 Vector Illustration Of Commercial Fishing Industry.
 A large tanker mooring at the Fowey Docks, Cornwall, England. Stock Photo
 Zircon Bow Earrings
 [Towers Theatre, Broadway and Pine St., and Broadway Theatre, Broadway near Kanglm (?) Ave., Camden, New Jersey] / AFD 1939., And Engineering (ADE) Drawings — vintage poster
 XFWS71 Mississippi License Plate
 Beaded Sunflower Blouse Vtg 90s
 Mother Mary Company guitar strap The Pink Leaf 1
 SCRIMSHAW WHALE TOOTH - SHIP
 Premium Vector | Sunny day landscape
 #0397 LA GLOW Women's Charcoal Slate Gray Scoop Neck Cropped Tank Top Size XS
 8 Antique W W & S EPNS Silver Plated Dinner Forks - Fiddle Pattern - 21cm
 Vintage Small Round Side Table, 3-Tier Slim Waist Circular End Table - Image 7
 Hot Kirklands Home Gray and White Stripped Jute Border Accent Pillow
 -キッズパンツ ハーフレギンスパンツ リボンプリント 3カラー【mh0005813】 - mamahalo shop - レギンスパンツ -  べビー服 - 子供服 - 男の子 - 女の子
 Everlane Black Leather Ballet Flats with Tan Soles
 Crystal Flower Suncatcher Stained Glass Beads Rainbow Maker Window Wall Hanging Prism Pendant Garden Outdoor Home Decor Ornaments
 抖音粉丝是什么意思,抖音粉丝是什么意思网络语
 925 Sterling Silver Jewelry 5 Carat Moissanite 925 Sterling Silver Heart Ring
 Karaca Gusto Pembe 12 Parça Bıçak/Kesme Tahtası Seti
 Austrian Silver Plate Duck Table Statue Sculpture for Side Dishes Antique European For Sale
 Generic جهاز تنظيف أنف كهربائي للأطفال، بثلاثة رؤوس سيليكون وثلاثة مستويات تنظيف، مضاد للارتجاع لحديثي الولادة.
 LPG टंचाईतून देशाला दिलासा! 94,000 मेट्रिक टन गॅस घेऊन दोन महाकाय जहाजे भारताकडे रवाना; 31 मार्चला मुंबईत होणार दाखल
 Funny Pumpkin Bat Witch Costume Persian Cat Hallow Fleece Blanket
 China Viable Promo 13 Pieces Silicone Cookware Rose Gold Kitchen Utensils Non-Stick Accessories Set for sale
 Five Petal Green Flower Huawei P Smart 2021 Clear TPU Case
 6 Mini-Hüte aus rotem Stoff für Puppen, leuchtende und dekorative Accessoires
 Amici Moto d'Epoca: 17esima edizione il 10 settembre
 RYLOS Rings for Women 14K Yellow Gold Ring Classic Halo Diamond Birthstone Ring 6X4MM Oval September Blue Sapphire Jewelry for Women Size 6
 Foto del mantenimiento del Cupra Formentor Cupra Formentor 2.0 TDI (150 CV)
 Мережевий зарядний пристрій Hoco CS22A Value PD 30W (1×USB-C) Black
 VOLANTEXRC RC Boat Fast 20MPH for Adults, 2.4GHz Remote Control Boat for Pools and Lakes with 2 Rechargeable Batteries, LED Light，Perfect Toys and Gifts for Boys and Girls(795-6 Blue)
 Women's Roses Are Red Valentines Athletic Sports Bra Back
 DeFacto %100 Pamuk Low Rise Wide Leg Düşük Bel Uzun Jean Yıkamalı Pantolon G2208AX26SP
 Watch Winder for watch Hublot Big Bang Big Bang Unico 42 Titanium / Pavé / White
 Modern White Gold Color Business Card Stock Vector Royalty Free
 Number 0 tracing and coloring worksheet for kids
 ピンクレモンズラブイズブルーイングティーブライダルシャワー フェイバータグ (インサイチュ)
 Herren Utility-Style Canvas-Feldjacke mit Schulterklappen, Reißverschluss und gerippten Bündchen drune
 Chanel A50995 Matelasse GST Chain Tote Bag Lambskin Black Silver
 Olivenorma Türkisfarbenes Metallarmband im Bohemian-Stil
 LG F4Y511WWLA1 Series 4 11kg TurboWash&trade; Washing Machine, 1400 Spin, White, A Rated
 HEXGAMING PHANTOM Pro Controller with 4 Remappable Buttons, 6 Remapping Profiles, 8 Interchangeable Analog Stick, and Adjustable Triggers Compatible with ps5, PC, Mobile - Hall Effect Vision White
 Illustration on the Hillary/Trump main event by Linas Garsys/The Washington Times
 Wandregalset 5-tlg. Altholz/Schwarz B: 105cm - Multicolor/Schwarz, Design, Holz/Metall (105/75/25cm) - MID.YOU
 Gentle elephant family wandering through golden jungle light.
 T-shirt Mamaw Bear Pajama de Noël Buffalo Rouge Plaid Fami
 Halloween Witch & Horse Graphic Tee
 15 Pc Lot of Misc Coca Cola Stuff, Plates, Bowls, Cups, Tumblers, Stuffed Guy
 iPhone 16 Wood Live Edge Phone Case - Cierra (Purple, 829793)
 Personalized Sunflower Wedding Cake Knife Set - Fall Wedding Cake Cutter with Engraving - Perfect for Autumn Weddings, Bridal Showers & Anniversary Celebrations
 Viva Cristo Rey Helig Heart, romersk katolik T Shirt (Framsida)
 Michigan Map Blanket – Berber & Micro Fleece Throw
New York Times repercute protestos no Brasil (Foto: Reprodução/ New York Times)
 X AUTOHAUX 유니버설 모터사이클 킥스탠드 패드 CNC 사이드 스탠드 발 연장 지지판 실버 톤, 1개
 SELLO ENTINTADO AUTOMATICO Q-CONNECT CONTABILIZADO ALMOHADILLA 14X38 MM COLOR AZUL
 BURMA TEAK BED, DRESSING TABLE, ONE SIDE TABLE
━━━━━━━━━━━━━━━━━━━━━━━━━━━━━━
_What is expected_
Copy out all the records exactly.

_Your solution_
 Vector Illustration Of Commercial Fishing Industry.
 A large tanker mooring at the Fowey Docks, Cornwall, England. Stock Photo
 Zircon Bow Earrings
 [Towers Theatre, Broadway and Pine St., and Broadway Theatre, Broadway near Kanglm (?) Ave., Camden, New Jersey] / AFD 1939., And Engineering (ADE) Drawings — vintage poster
 XFWS71 Mississippi License Plate
 Beaded Sunflower Blouse Vtg 90s
 Mother Mary Company guitar strap The Pink Leaf 1
 SCRIMSHAW WHALE TOOTH - SHIP
 Premium Vector | Sunny day landscape
 #0397 LA GLOW Women's Charcoal Slate Gray Scoop Neck Cropped Tank Top Size XS
 8 Antique W W & S EPNS Silver Plated Dinner Forks - Fiddle Pattern - 21cm
 Vintage Small Round Side Table, 3-Tier Slim Waist Circular End Table - Image 7
 Hot Kirklands Home Gray and White Stripped Jute Border Accent Pillow
 -キッズパンツ ハーフレギンスパンツ リボンプリント 3カラー【mh0005813】 - mamahalo shop - レギンスパンツ -  べビー服 - 子供服 - 男の子 - 女の子
 Everlane Black Leather Ballet Flats with Tan Soles
 Crystal Flower Suncatcher Stained Glass Beads Rainbow Maker Window Wall Hanging Prism Pendant Garden Outdoor Home Decor Ornaments
 抖音粉丝是什么意思,抖音粉丝是什么意思网络语
 925 Sterling Silver Jewelry 5 Carat Moissanite 925 Sterling Silver Heart Ring
 Karaca Gusto Pembe 12 Parça Bıçak/Kesme Tahtası Seti
 Austrian Silver Plate Duck Table Statue Sculpture for Side Dishes Antique European For Sale
 Generic جهاز تنظيف أنف كهربائي للأطفال، بثلاثة رؤوس سيليكون وثلاثة مستويات تنظيف، مضاد للارتجاع لحديثي الولادة.
 LPG टंचाईतून देशाला दिलासा! 94,000 मेट्रिक टन गॅस घेऊन दोन महाकाय जहाजे भारताकडे रवाना; 31 मार्चला मुंबईत होणार दाखल
 Funny Pumpkin Bat Witch Costume Persian Cat Hallow Fleece Blanket
 China Viable Promo 13 Pieces Silicone Cookware Rose Gold Kitchen Utensils Non-Stick Accessories Set for sale
 Five Petal Green Flower Huawei P Smart 2021 Clear TPU Case
 6 Mini-Hüte aus rotem Stoff für Puppen, leuchtende und dekorative Accessoires
 Amici Moto d'Epoca: 17esima edizione il 10 settembre
 RYLOS Rings for Women 14K Yellow Gold Ring Classic Halo Diamond Birthstone Ring 6X4MM Oval September Blue Sapphire Jewelry for Women Size 6
 Foto del mantenimiento del Cupra Formentor Cupra Formentor 2.0 TDI (150 CV)
 Мережевий зарядний пристрій Hoco CS22A Value PD 30W (1×USB-C) Black
 VOLANTEXRC RC Boat Fast 20MPH for Adults, 2.4GHz Remote Control Boat for Pools and Lakes with 2 Rechargeable Batteries, LED Light，Perfect Toys and Gifts for Boys and Girls(795-6 Blue)
 Women's Roses Are Red Valentines Athletic Sports Bra Back
 DeFacto %100 Pamuk Low Rise Wide Leg Düşük Bel Uzun Jean Yıkamalı Pantolon G2208AX26SP
 Watch Winder for watch Hublot Big Bang Big Bang Unico 42 Titanium / Pavé / White
 Modern White Gold Color Business Card Stock Vector Royalty Free
 Number 0 tracing and coloring worksheet for kids
 ピンクレモンズラブイズブルーイングティーブライダルシャワー フェイバータグ (インサイチュ)
 Herren Utility-Style Canvas-Feldjacke mit Schulterklappen, Reißverschluss und gerippten Bündchen drune
 Chanel A50995 Matelasse GST Chain Tote Bag Lambskin Black Silver
 Olivenorma Türkisfarbenes Metallarmband im Bohemian-Stil
 LG F4Y511WWLA1 Series 4 11kg TurboWash&trade; Washing Machine, 1400 Spin, White, A Rated
 HEXGAMING PHANTOM Pro Controller with 4 Remappable Buttons, 6 Remapping Profiles, 8 Interchangeable Analog Stick, and Adjustable Triggers Compatible with ps5, PC, Mobile - Hall Effect Vision White
 Illustration on the Hillary/Trump main event by Linas Garsys/The Washington Times
 Wandregalset 5-tlg. Altholz/Schwarz B: 105cm - Multicolor/Schwarz, Design, Holz/Metall (105/75/25cm) - MID.YOU
 Gentle elephant family wandering through golden jungle light.
 T-shirt Mamaw Bear Pajama de Noël Buffalo Rouge Plaid Fami
 Halloween Witch & Horse Graphic Tee
 15 Pc Lot of Misc Coca Cola Stuff, Plates, Bowls, Cups, Tumblers, Stuffed Guy
 iPhone 16 Wood Live Edge Phone Case - Cierra (Purple, 829793)
 Personalized Sunflower Wedding Cake Knife Set - Fall Wedding Cake Cutter with Engraving - Perfect for Autumn Weddings, Bridal Showers & Anniversary Celebrations
 Viva Cristo Rey Helig Heart, romersk katolik T Shirt (Framsida)
 Michigan Map Blanket – Berber & Micro Fleece Throw
New York Times repercute protestos no Brasil (Foto: Reprodução/ New York Times)
 X AUTOHAUX 유니버설 모터사이클 킥스탠드 패드 CNC 사이드 스탠드 발 연장 지지판 실버 톤, 1개
 SELLO ENTINTADO AUTOMATICO Q-CONNECT CONTABILIZADO ALMOHADILLA 14X38 MM COLOR AZUL
 BURMA TEAK BED, DRESSING TABLE, ONE SIDE TABLE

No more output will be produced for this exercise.